Most big companies, when they post losses quarter after quarter, shareholders get scared. Amazon might be the biggest exception to that rule.
The world's largest online retailer posted an unexpected net loss of about $7 million in its earnings report yesterday, but the company is still growing; sales jumped 22 percent in the second quarter, same as the one before and the one before that.
Numbers like those keep long-term investors happy, says Shawn Milne, a managing director with Janney Capital Markets. "It's very difficult to find a company that's pacing toward, you know, $90 billion in fiscal 2014, and growing close to 25 percent," Milne explains.

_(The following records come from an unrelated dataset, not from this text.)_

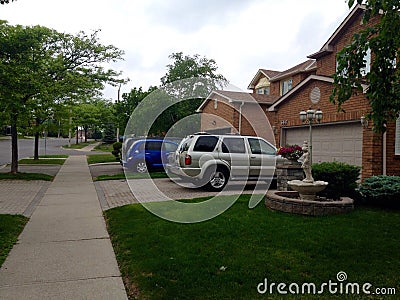 Private houses in Winnipeg Stock Photo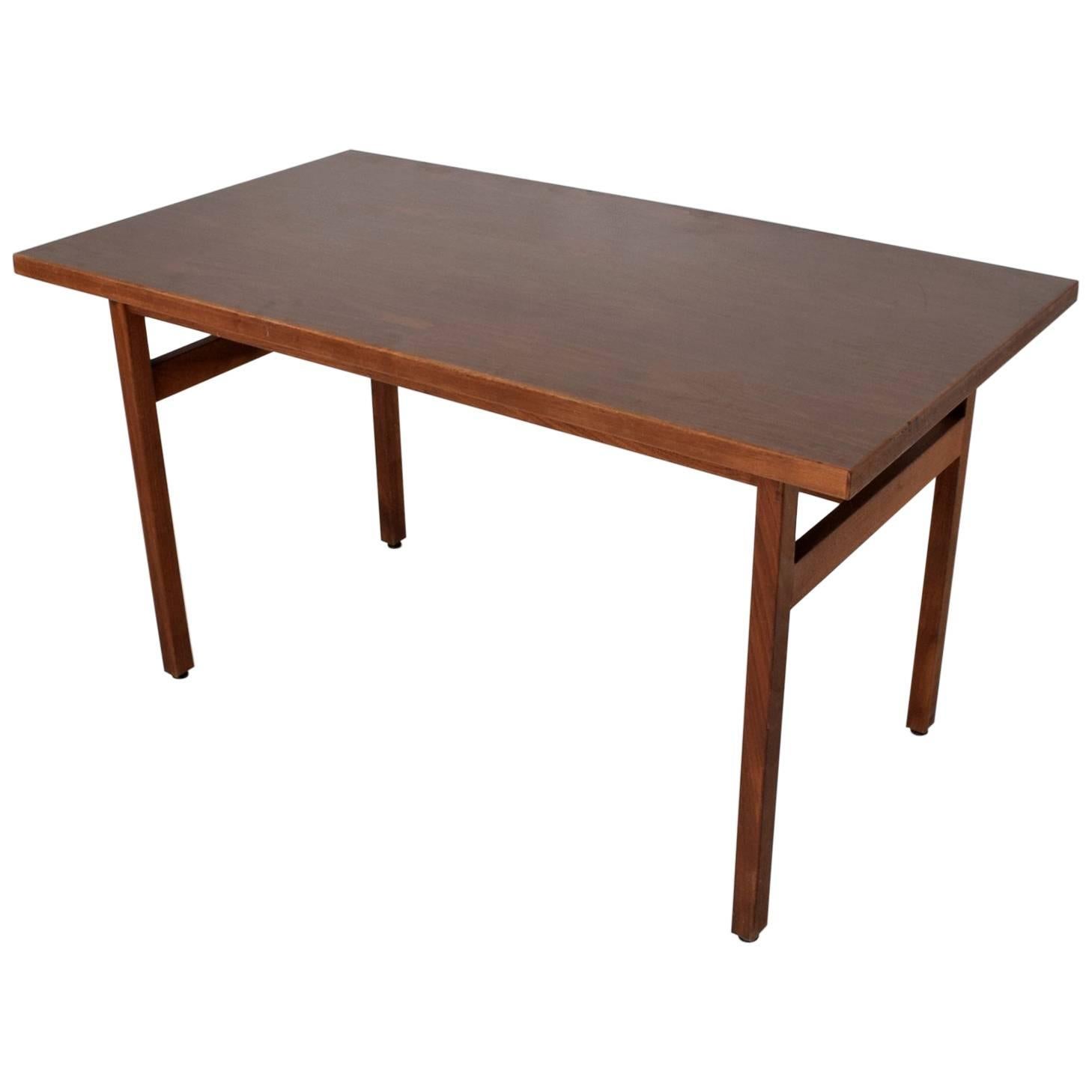 Jens Risom Walnut Table Desk Midcentury Period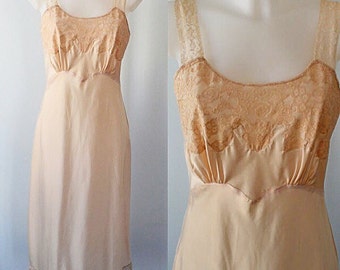 Slips Vintage Slip, Vintage Full Slip, 1940s Slip, Lady Lynne, Blush Full Slip, Vintage Lingerie, Full Slip, Vintage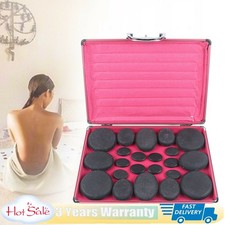Professional Portable Massage Stone Heater Kit with 20 Therapy Hot Rocks Set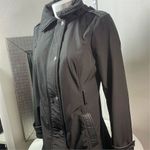 Michael Kors COPY -  Women's Black Hooded Trench Coat Size S Long Sleeve Photo 5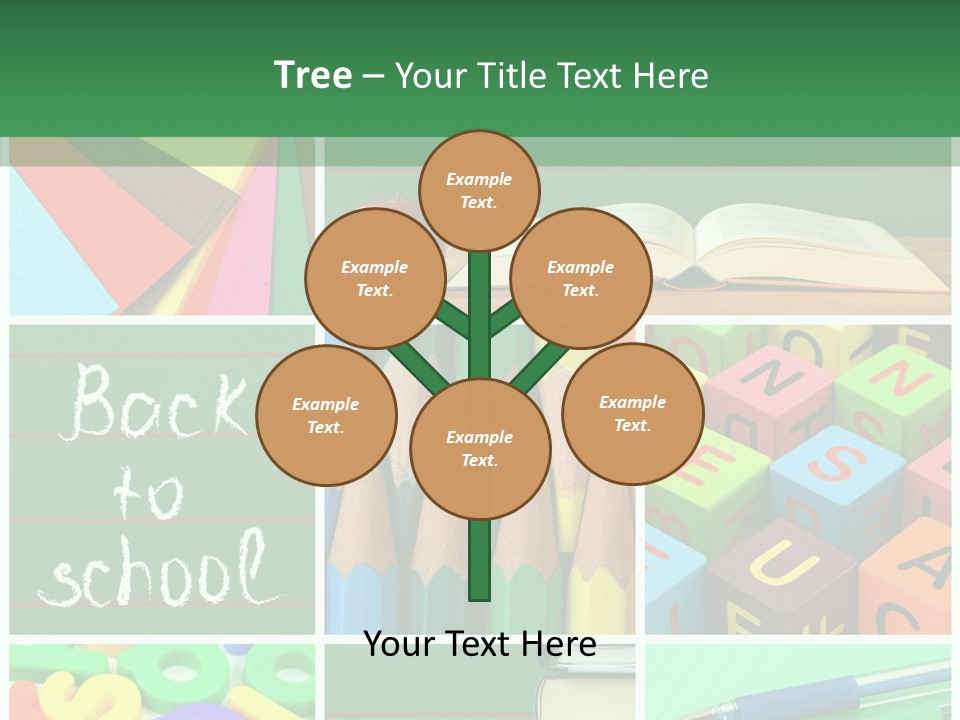 School Collage PowerPoint Template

A big part of Amazon's growth these days is its cloud computing services.
"Amazon doesn't say how much money it makes off Amazon Web Services," says Curt Woodward, a senior editor at Xconomy.dot.com. "We don't really know how much of the Internet Amazon Web Services powers, but in both cases the numbers are presumed to be pretty big."
Amazon CEO Jeff Bezos is famous for investing big in the company's core businesses to earn customers' trust, and for keeping prices lower than everyone else's.
That's not exactly a new strategy.
"The core of it is old fashioned, and that's exactly why it's so brilliant," says Ben Edelman, associate professor of business administration at Harvard Business School. "It's old fashioned but forgotten, so many companies rushing to raise their prices, rushing to collect quick payoffs and Amazon doing very much the opposite of that."
And its stock keeps rising as long as the company keeps growing. Edelman adds that profits don't seem to matter to Amazon shareholders, as long as competitors like Wal-Mart and Google don't cut into its core business.